[Your goal]: Pictures stay out of the output. Return exactly the lines below from the one with "ليش تتعب حالك وتلف بالسوق؟" down to the one with "互联网的网络营销与网络推广法律", both included, and nothing more.

[Provided data]:
***

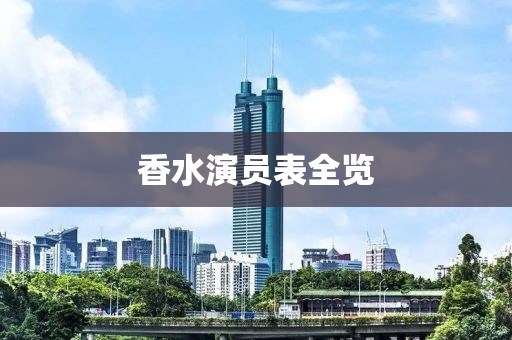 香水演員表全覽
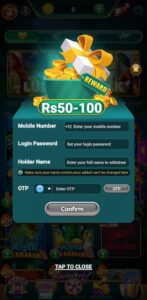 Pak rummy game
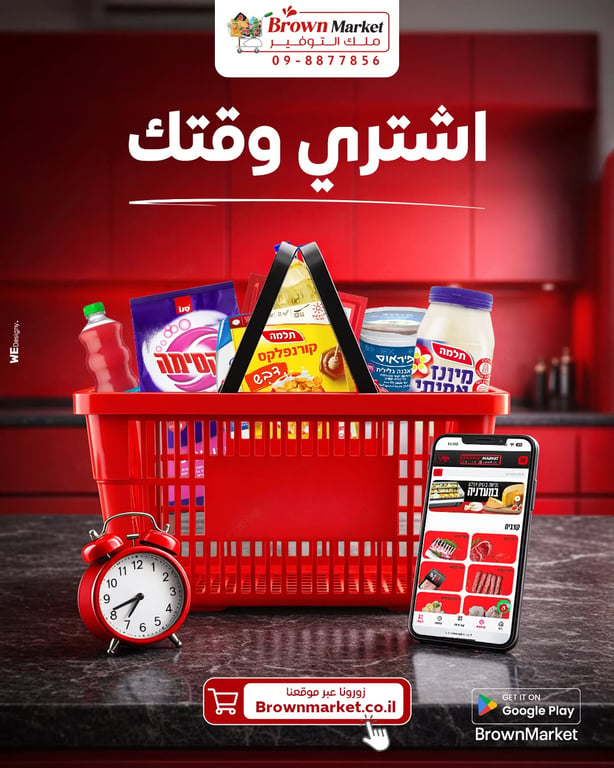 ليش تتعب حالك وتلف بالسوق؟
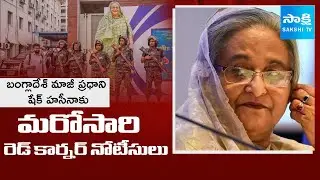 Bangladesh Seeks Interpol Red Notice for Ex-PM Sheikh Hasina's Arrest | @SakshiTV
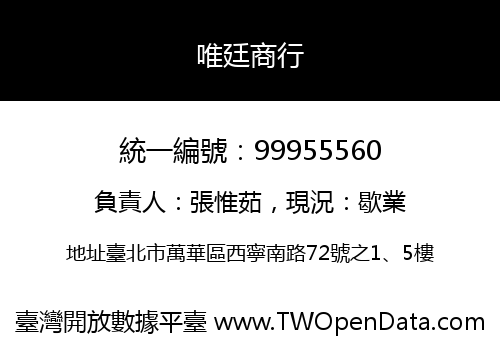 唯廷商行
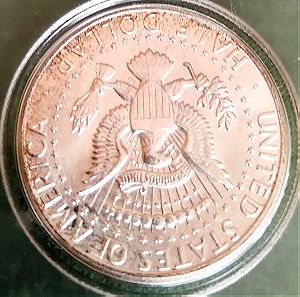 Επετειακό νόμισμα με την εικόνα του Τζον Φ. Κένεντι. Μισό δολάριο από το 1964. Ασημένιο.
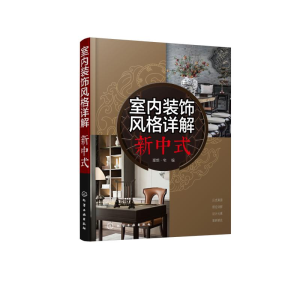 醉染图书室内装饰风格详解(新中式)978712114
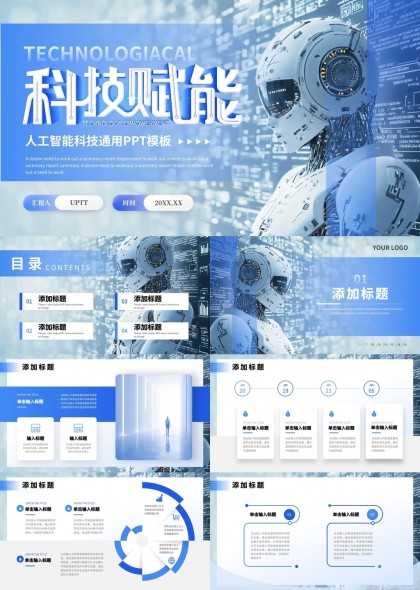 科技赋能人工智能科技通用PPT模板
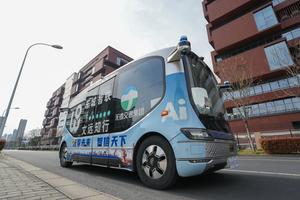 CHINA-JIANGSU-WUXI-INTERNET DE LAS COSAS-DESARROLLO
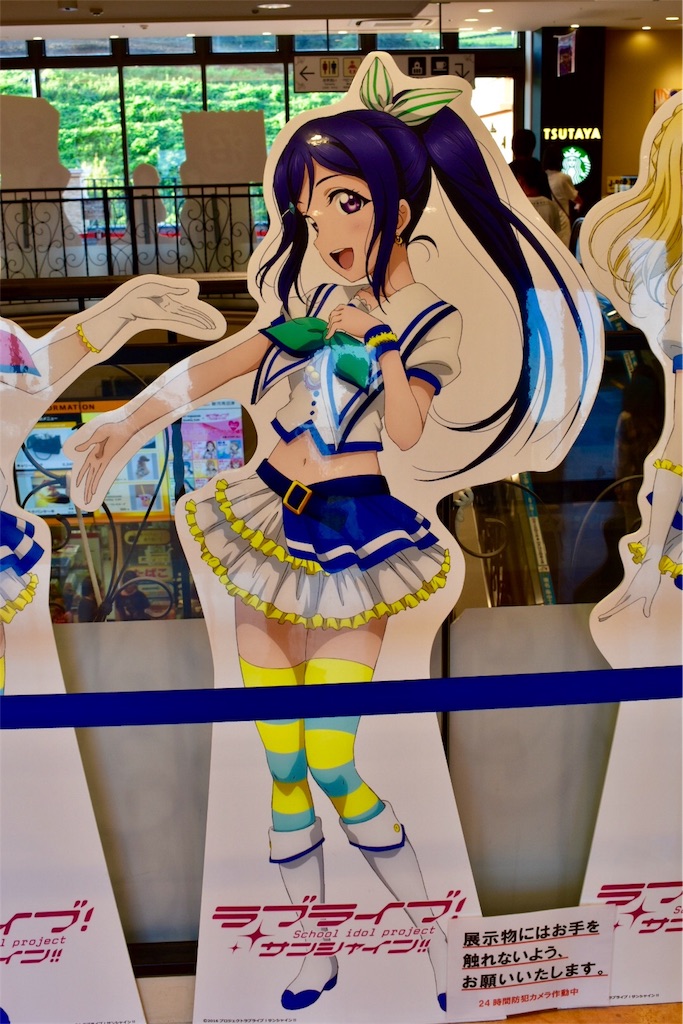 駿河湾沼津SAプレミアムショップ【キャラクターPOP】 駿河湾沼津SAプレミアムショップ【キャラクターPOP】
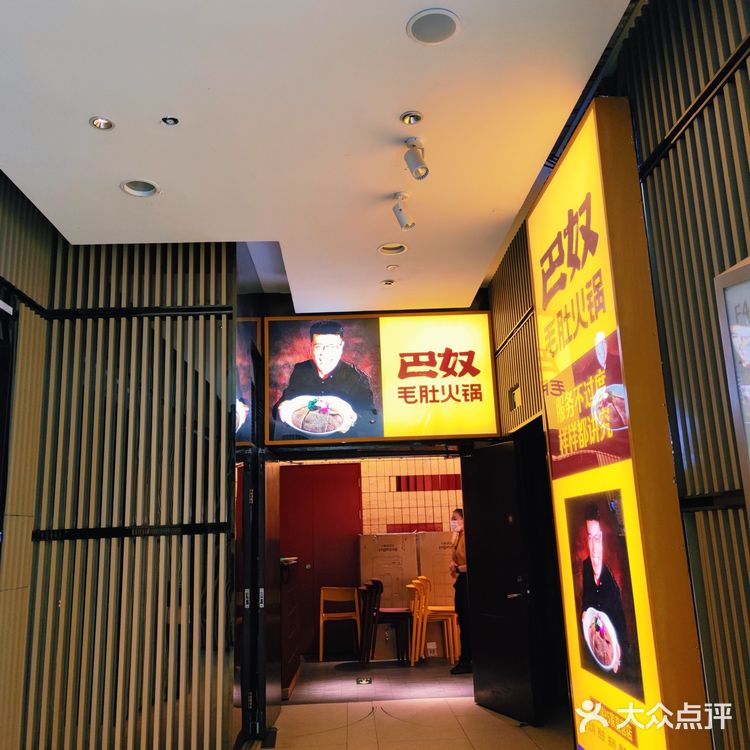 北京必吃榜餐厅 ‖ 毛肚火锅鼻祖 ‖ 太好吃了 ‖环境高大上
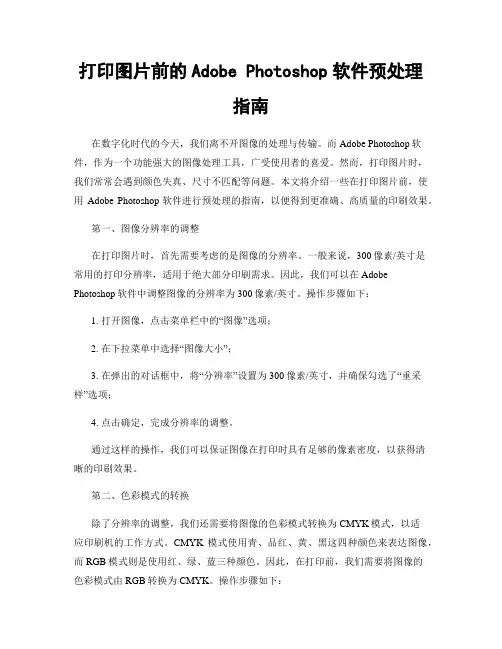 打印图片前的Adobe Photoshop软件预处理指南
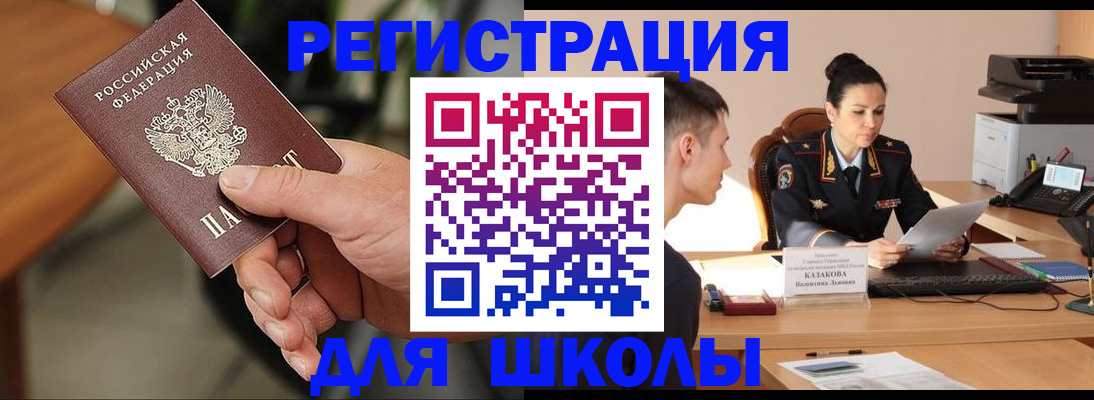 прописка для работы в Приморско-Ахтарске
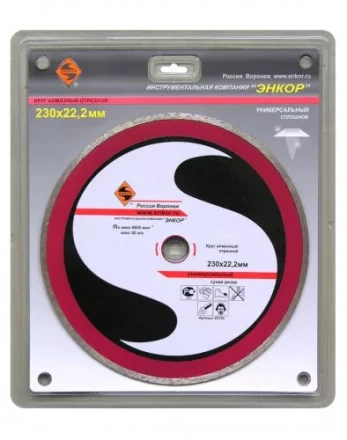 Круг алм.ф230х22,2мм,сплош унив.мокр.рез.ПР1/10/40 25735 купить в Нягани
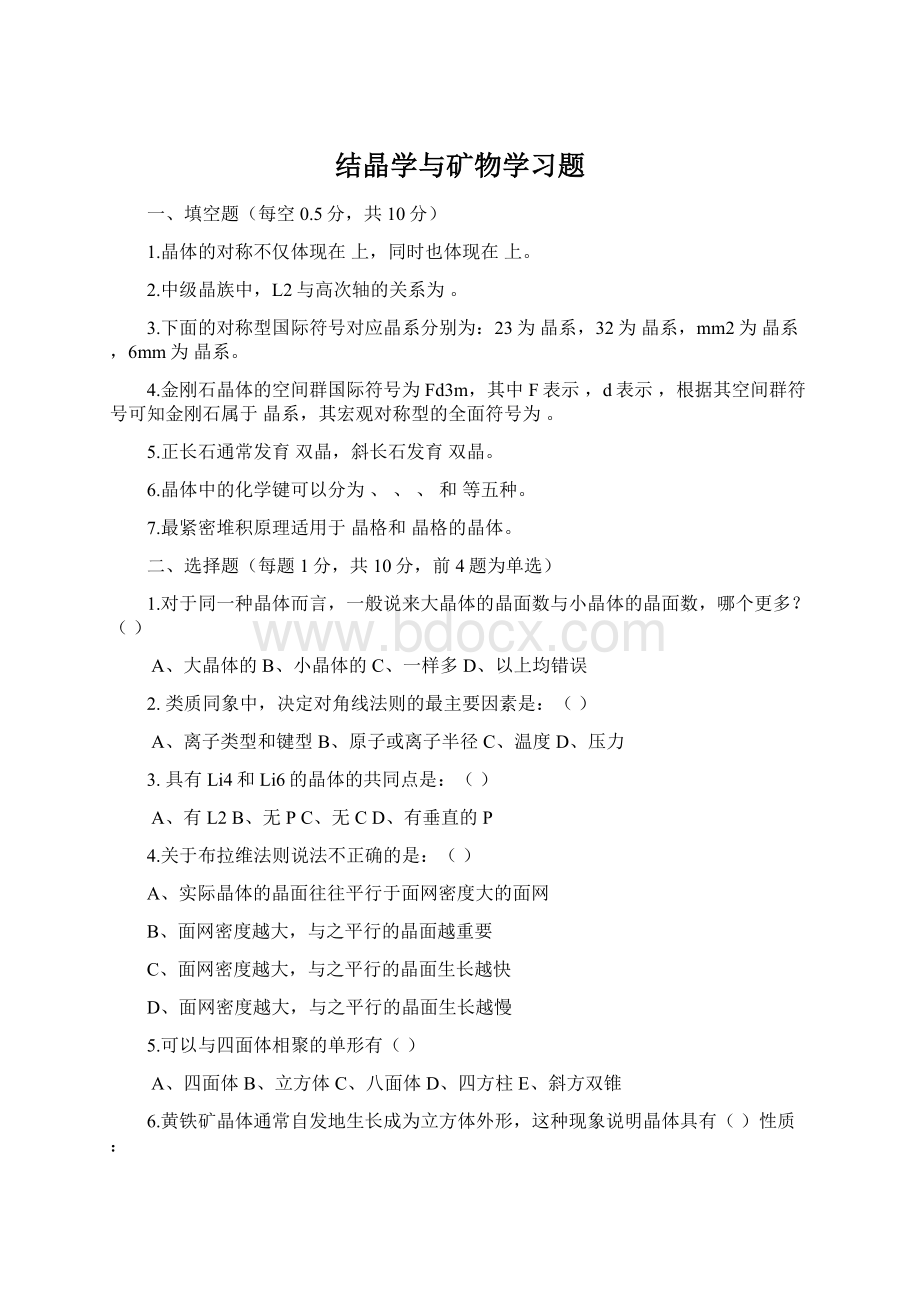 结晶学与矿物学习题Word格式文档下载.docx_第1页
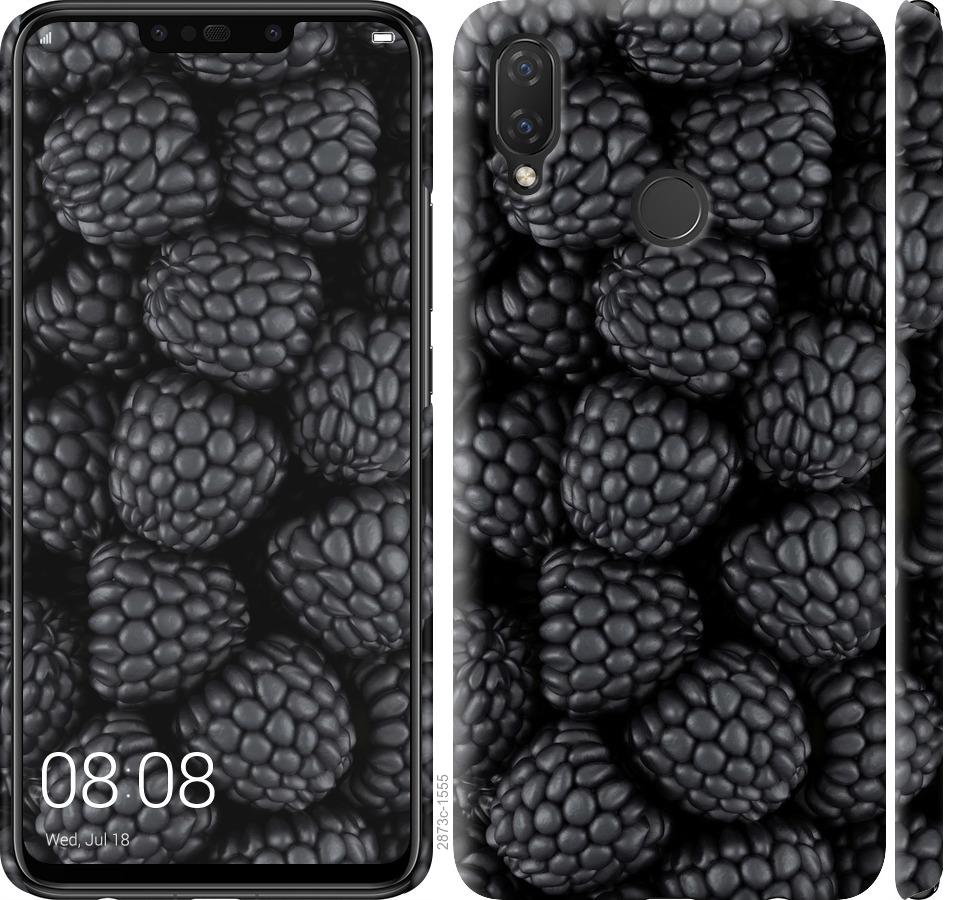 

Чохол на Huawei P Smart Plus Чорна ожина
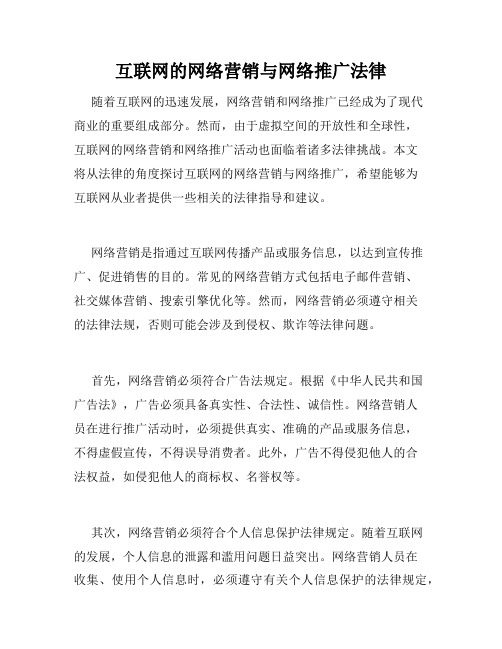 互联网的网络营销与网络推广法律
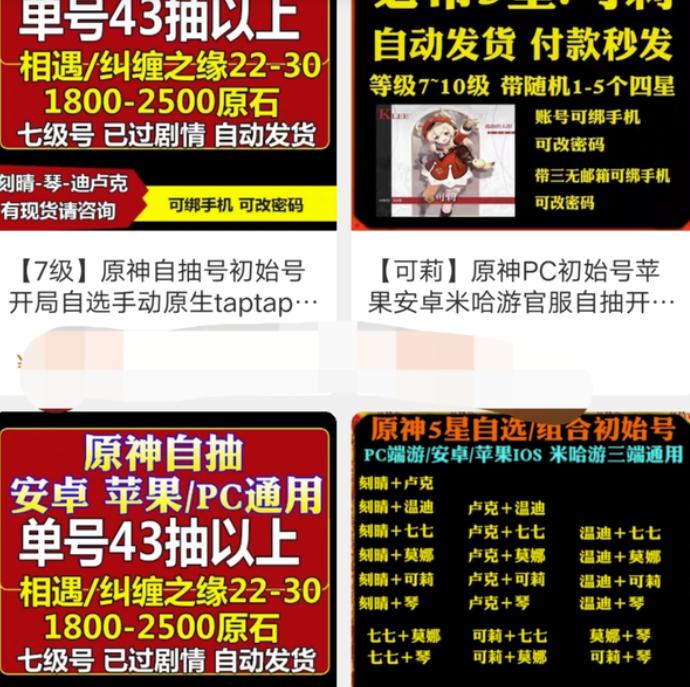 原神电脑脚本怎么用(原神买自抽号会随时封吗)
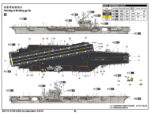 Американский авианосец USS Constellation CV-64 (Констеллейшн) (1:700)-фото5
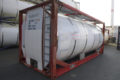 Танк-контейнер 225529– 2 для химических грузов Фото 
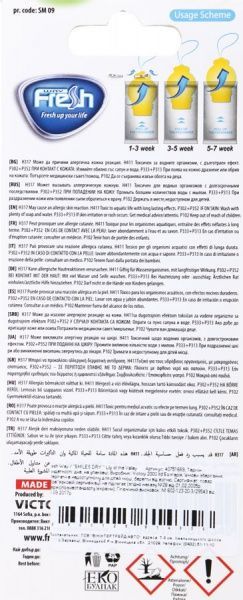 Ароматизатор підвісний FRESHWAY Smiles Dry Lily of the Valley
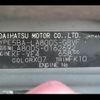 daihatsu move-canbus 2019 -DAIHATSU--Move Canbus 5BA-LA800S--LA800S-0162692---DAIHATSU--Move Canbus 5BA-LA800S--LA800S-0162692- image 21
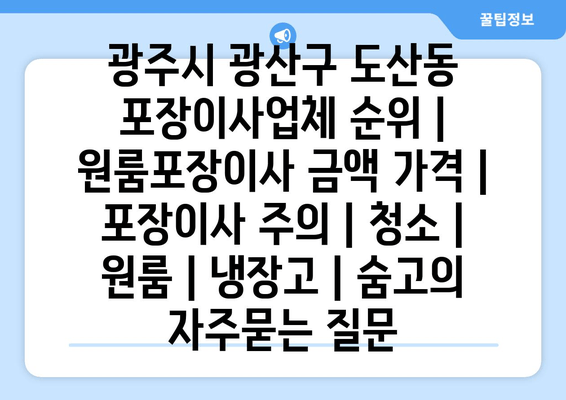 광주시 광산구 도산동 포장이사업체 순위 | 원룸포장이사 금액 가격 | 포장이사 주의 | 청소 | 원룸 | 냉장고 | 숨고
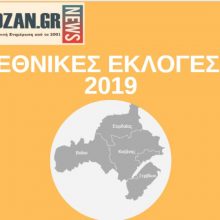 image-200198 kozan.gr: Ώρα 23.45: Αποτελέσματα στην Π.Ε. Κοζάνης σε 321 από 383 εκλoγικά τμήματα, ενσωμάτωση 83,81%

***

[Task output]:
 ليش تتعب حالك وتلف بالسوق؟
 Bangladesh Seeks Interpol Red Notice for Ex-PM Sheikh Hasina's Arrest | @SakshiTV
 唯廷商行
 Επετειακό νόμισμα με την εικόνα του Τζον Φ. Κένεντι. Μισό δολάριο από το 1964. Ασημένιο.
 醉染图书室内装饰风格详解(新中式)978712114
 科技赋能人工智能科技通用PPT模板
 CHINA-JIANGSU-WUXI-INTERNET DE LAS COSAS-DESARROLLO
 駿河湾沼津SAプレミアムショップ【キャラクターPOP】 駿河湾沼津SAプレミアムショップ【キャラクターPOP】
 北京必吃榜餐厅 ‖ 毛肚火锅鼻祖 ‖ 太好吃了 ‖环境高大上
 打印图片前的Adobe Photoshop软件预处理指南
 прописка для работы в Приморско-Ахтарске
 Круг алм.ф230х22,2мм,сплош унив.мокр.рез.ПР1/10/40 25735 купить в Нягани
 结晶学与矿物学习题Word格式文档下载.docx_第1页

Чохол на Huawei P Smart Plus Чорна ожина
 互联网的网络营销与网络推广法律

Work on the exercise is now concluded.